*Assignment:*
Using the records below, copy exactly the part that opens with the line holding "Amazon Basics Anti-Zieh-Hundegeschirr, verstellbar, weich" and closes with the line holding "MUNK Sprossen-Mehrzweckleiter 3-teilig", minus the pictures.

*Records provided:*
- - - - -

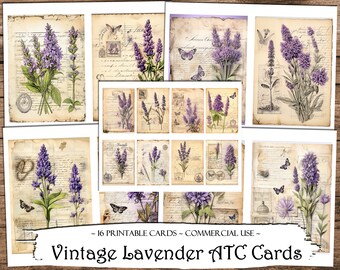 May include: Vintage style printable ATC cards featuring lavender flowers and butterflies on a background of old paper with handwritten text.  There are 16 cards in total.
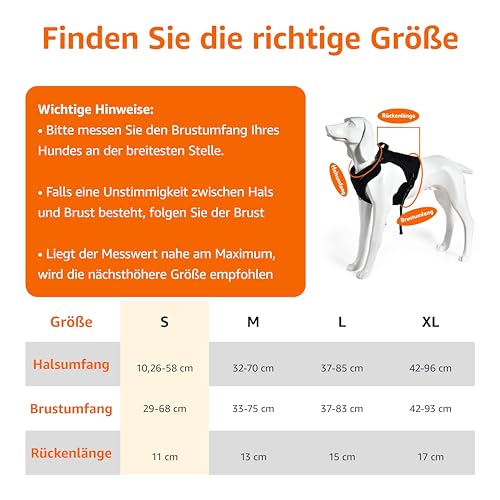 Amazon Basics Anti-Zieh-Hundegeschirr, verstellbar, weich gepolstert, mit reflektierenden Streifen, Klein, Schwarz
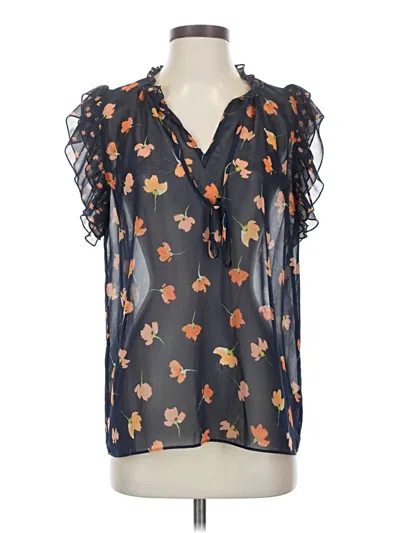 Pre-owned Cabi Short Sleeve Blouse In Black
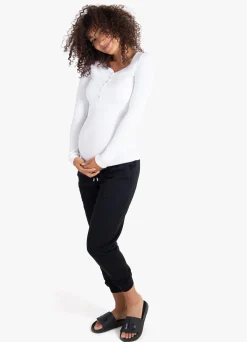 Rib Henley Long Sleeve Maternity + Nursing Top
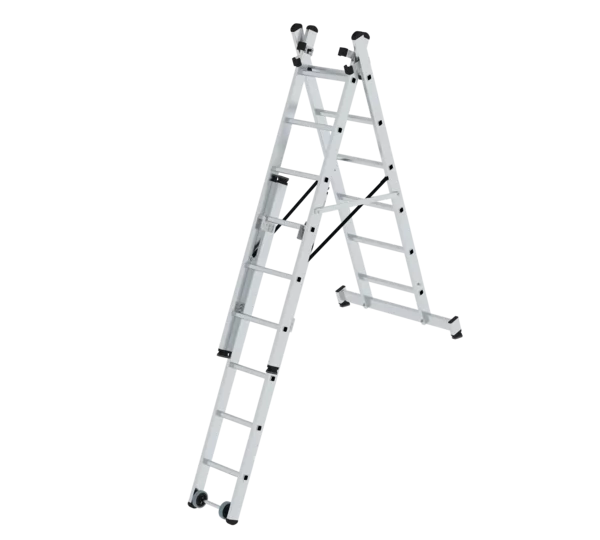 MUNK Sprossen-Mehrzweckleiter 3-teilig mit nivello®-Traverse und Wandlaufrollen – – Jetzt erhältlich im MTN Shop DE.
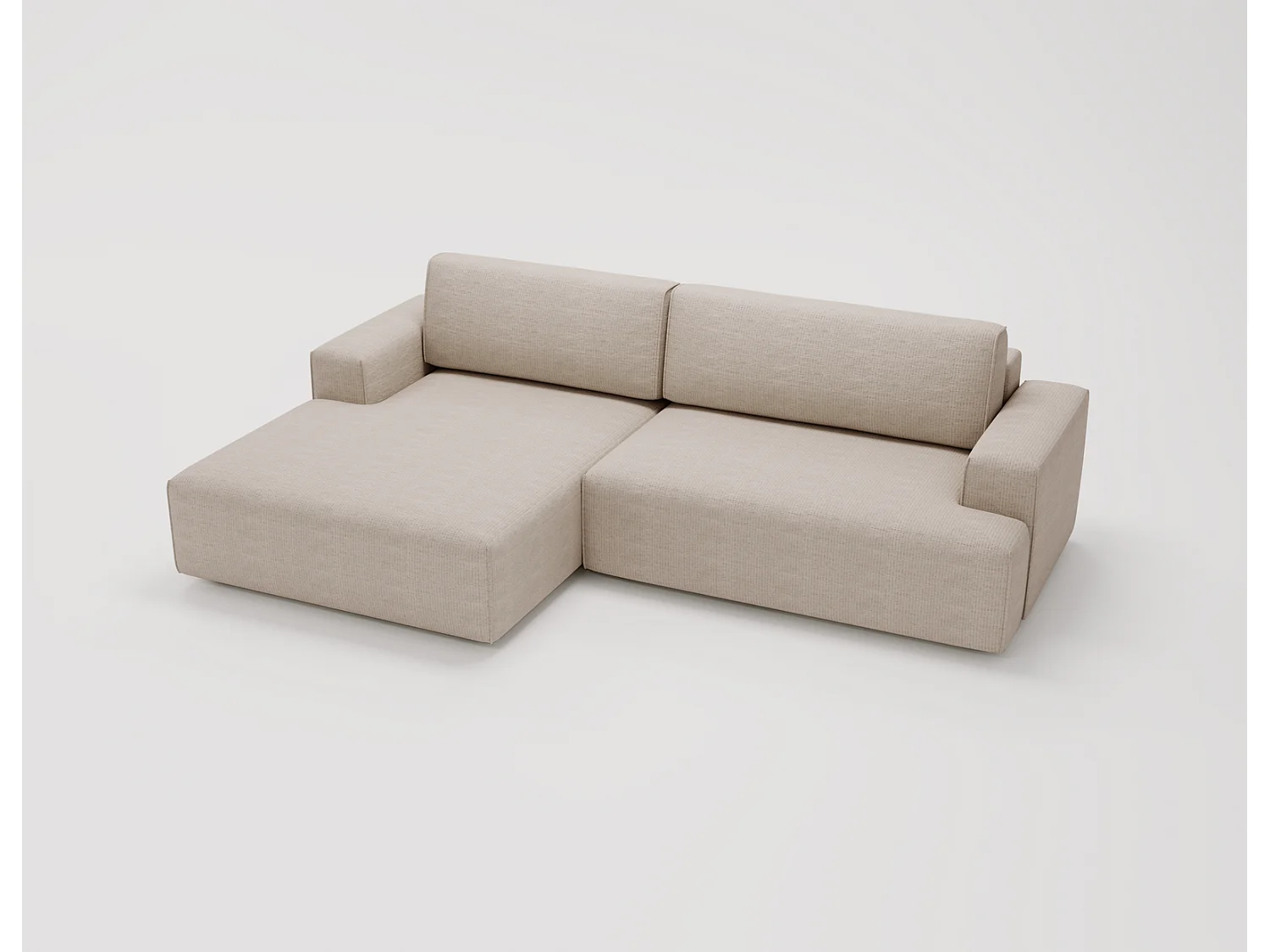 Emporius Boston Canapé d'Angle Convertible 270 cm - Canapé-lit, Sofa avec Rangement, 4 Places - Canapé d'Angle Forme L, Gauche, Beige (Memphis 3)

- - - - -

*Task response:*
 Amazon Basics Anti-Zieh-Hundegeschirr, verstellbar, weich gepolstert, mit reflektierenden Streifen, Klein, Schwarz
 Pre-owned Cabi Short Sleeve Blouse In Black
 Rib Henley Long Sleeve Maternity + Nursing Top
 MUNK Sprossen-Mehrzweckleiter 3-teilig mit nivello®-Traverse und Wandlaufrollen – – Jetzt erhältlich im MTN Shop DE.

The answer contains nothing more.